Exercise goal ::
The required output is a verbatim transcription of the listing, pictures excluded.

Source data ::
────
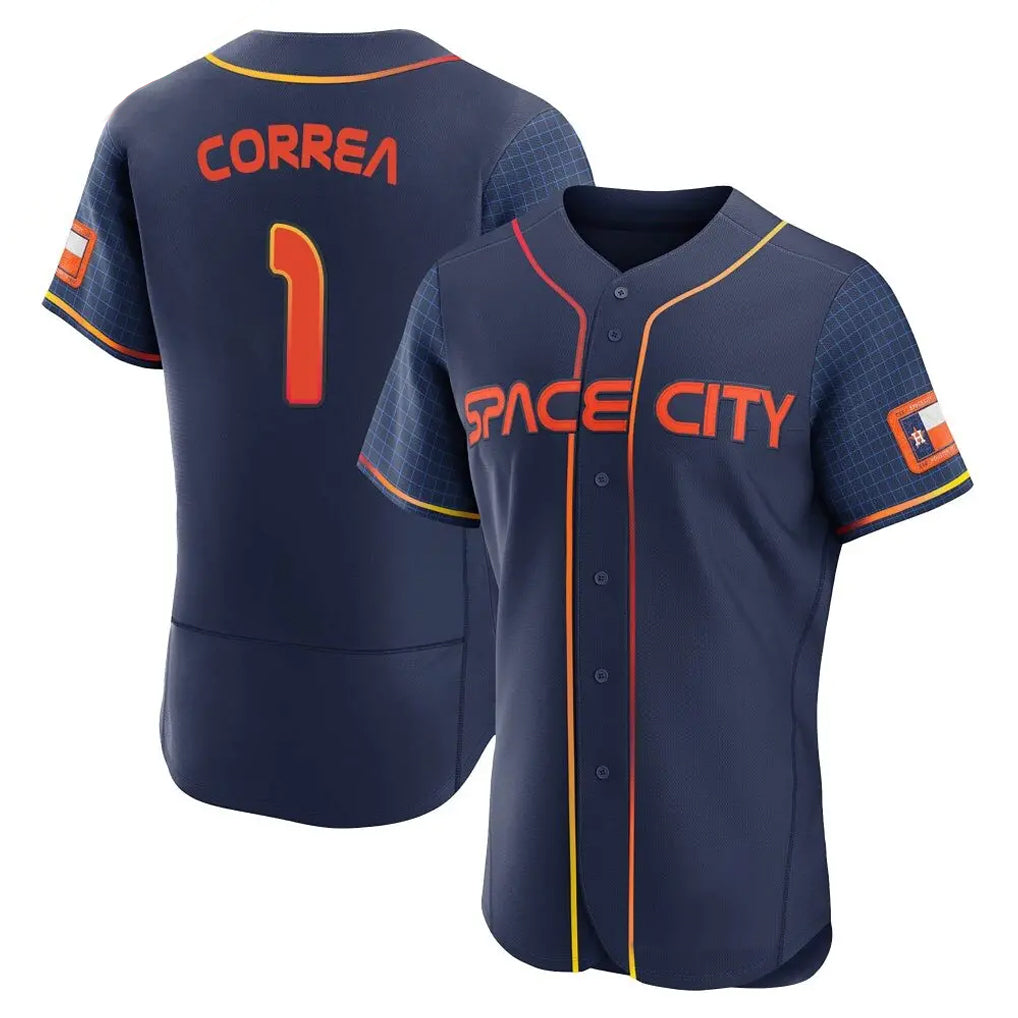 Johmsee H.Astros #1 Carlos Correa Player Navy City Connect Limited Elite Home Stitched Jerseys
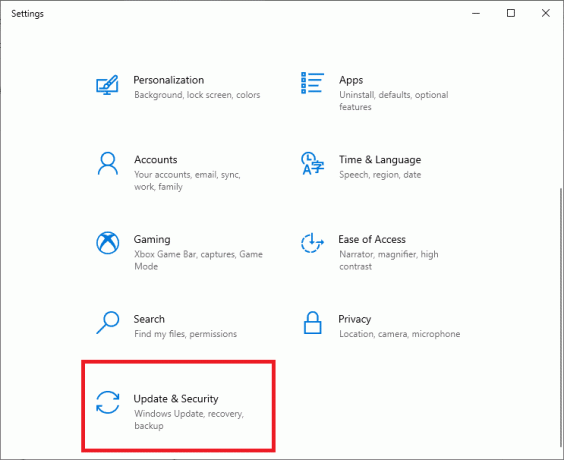 Wählen Sie nun Update und Sicherheit. Fix Yellow Screen of Death Error in Windows 10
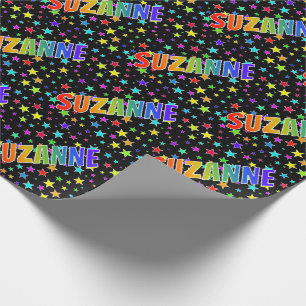 Rainbow First Namn ’SUZANNE’ + Stars Presentpapper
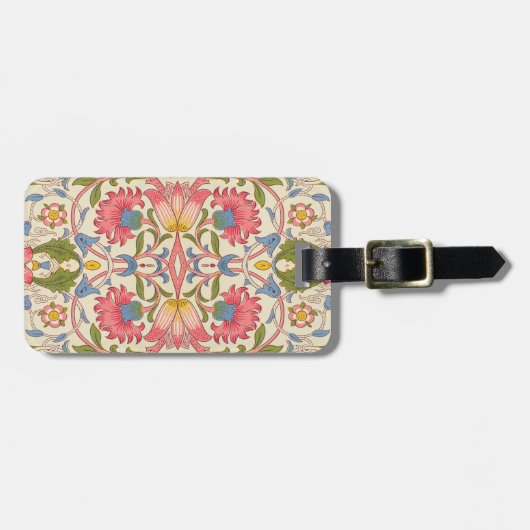 William Morris Lodden Bloempatroon Pastel Bagagelabel (Voorkant horizontaal)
────
Problem solution ::
 Johmsee H.Astros #1 Carlos Correa Player Navy City Connect Limited Elite Home Stitched Jerseys
 Wählen Sie nun Update und Sicherheit. Fix Yellow Screen of Death Error in Windows 10
 Rainbow First Namn ’SUZANNE’ + Stars Presentpapper
 William Morris Lodden Bloempatroon Pastel Bagagelabel (Voorkant horizontaal)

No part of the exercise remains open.